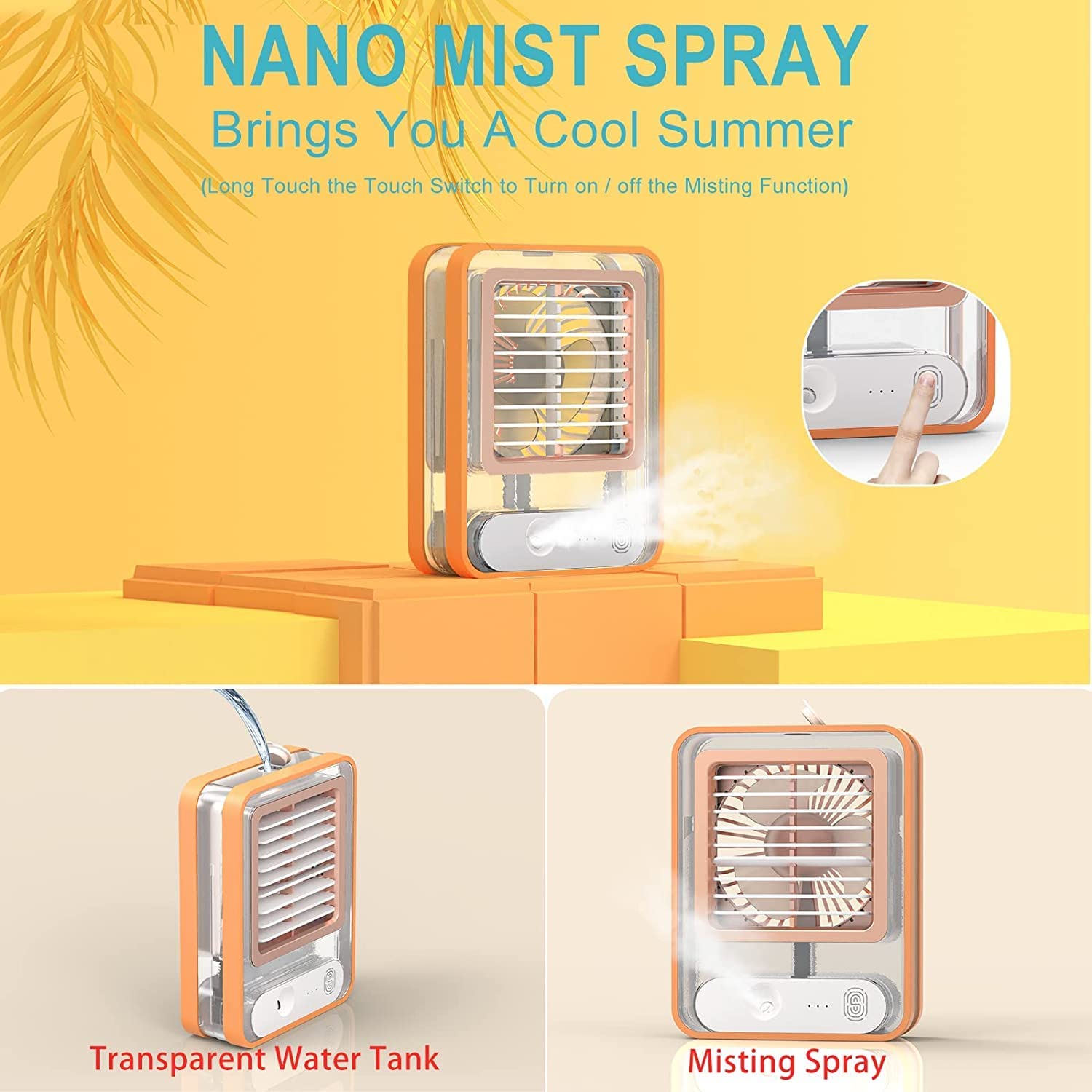 Mini USB Fan With Mist Water Spray Mini Cooler Rechargeable With LED Night Light Mini AC Personal Air Cooler Desk Fan, Office Kitchen Home multiColor - Image 6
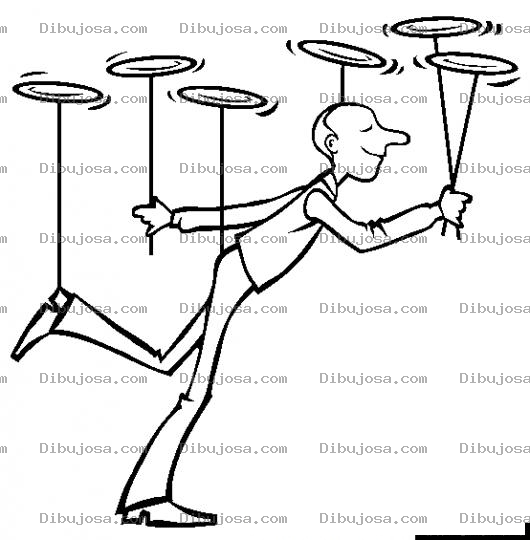 Dibujo para colorear Dibujo De Malavarista Equilibrista De Discos Chinos Para Pintar Y Colorear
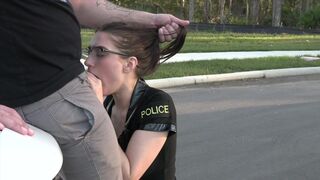 A young guy is having a close encounter with a stunning female cop in a steamy roleplay scene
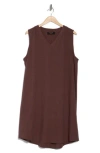 Renee C V-neck Sleeveless Shift Dress In Mocha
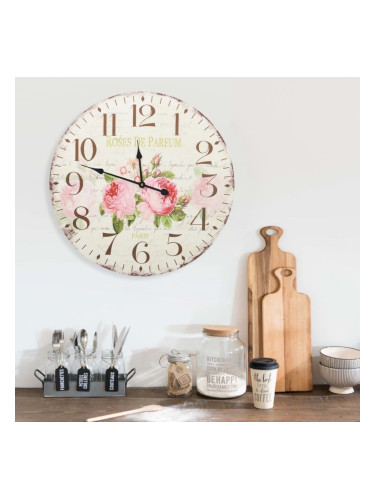 Sonata Винтидж стенен часовник Цветя, 60 см
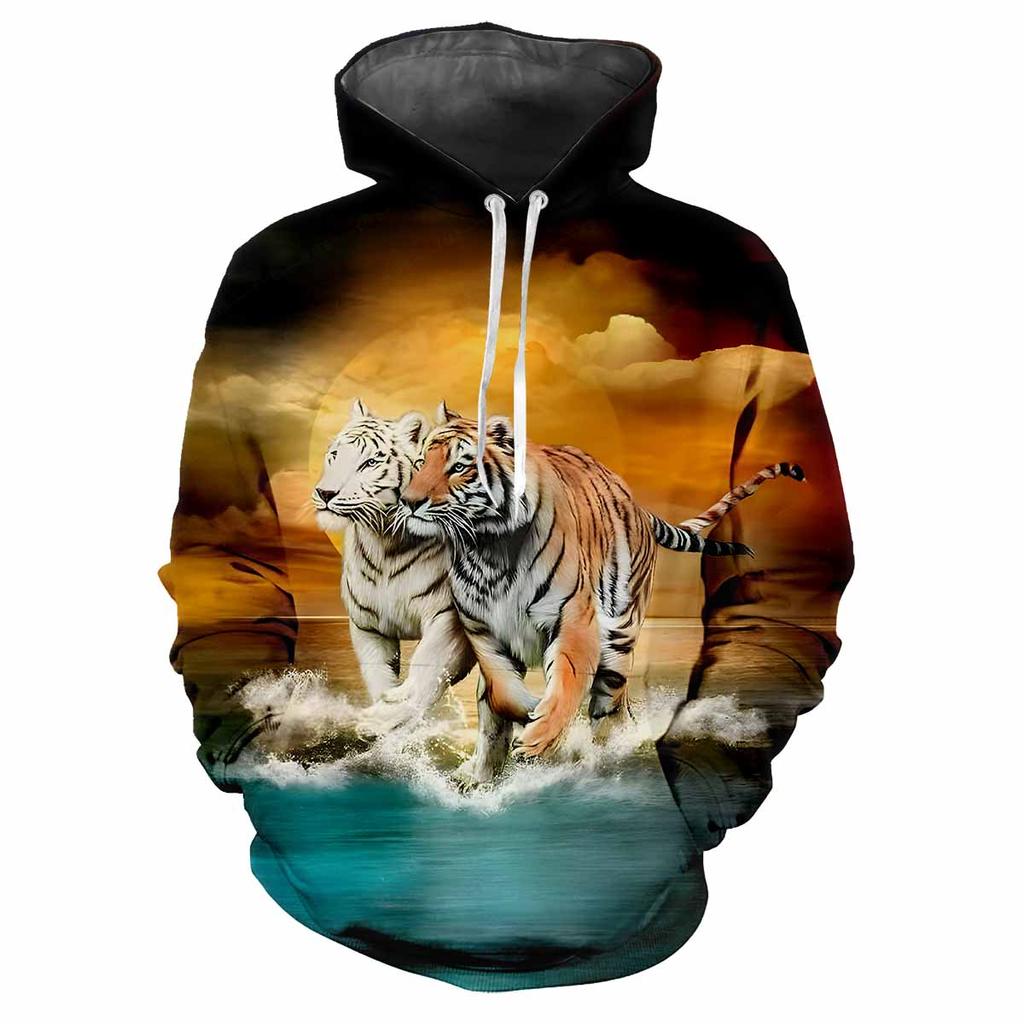 Тигр Животное Зверь 3D Печатный Весна И Осень Мужчины С Толстовкой Свободный Повседневный Модный Личность Для Создания Удобной Одежды
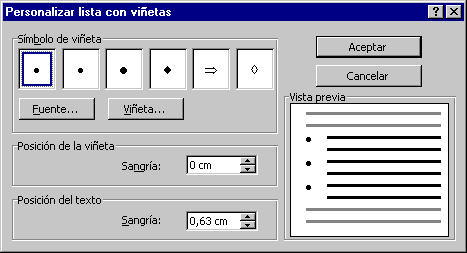 Diálogo - Personalizar lista con viñetas
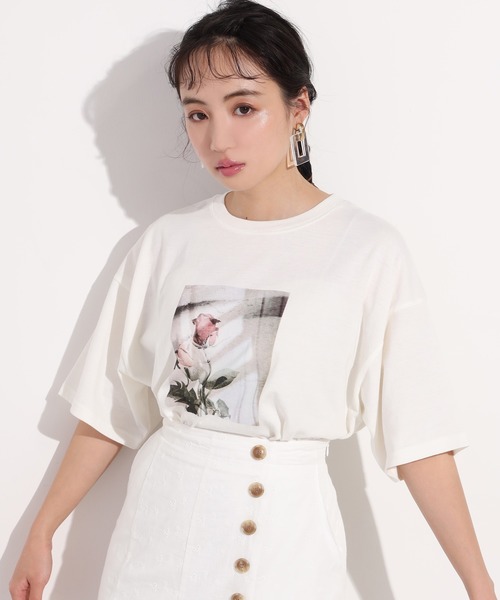 one after another NICE CLAUP（ワンアフターアナザーナイスクラップ）の「転写プリントTシャツ（Tシャツ/カットソー・レディース・オフホワイト/ピンク/ホワイト系その他・FREE）」の14枚目の写真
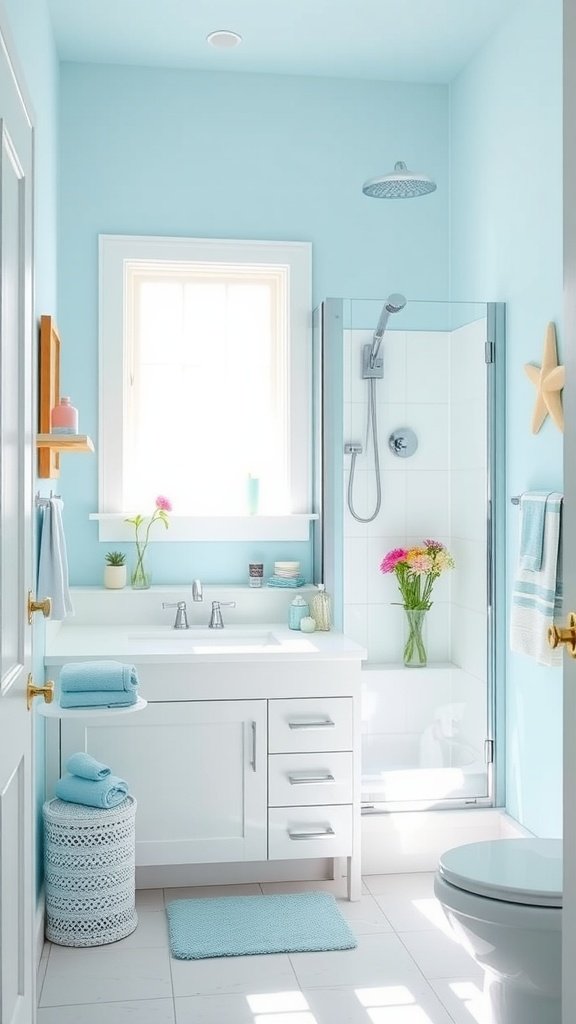 A small bathroom painted in light blue with a modern design.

====================

| EXERCISE |
Every line above from the one with "Sonata Винтидж стенен часовник Цветя, 60 см" down to the one with "one after another" must be written out exactly, and no picture may appear.

| RESULT |
 Sonata Винтидж стенен часовник Цветя, 60 см
 Тигр Животное Зверь 3D Печатный Весна И Осень Мужчины С Толстовкой Свободный Повседневный Модный Личность Для Создания Удобной Одежды
 Diálogo - Personalizar lista con viñetas
 one after another NICE CLAUP（ワンアフターアナザーナイスクラップ）の「転写プリントTシャツ（Tシャツ/カットソー・レディース・オフホワイト/ピンク/ホワイト系その他・FREE）」の14枚目の写真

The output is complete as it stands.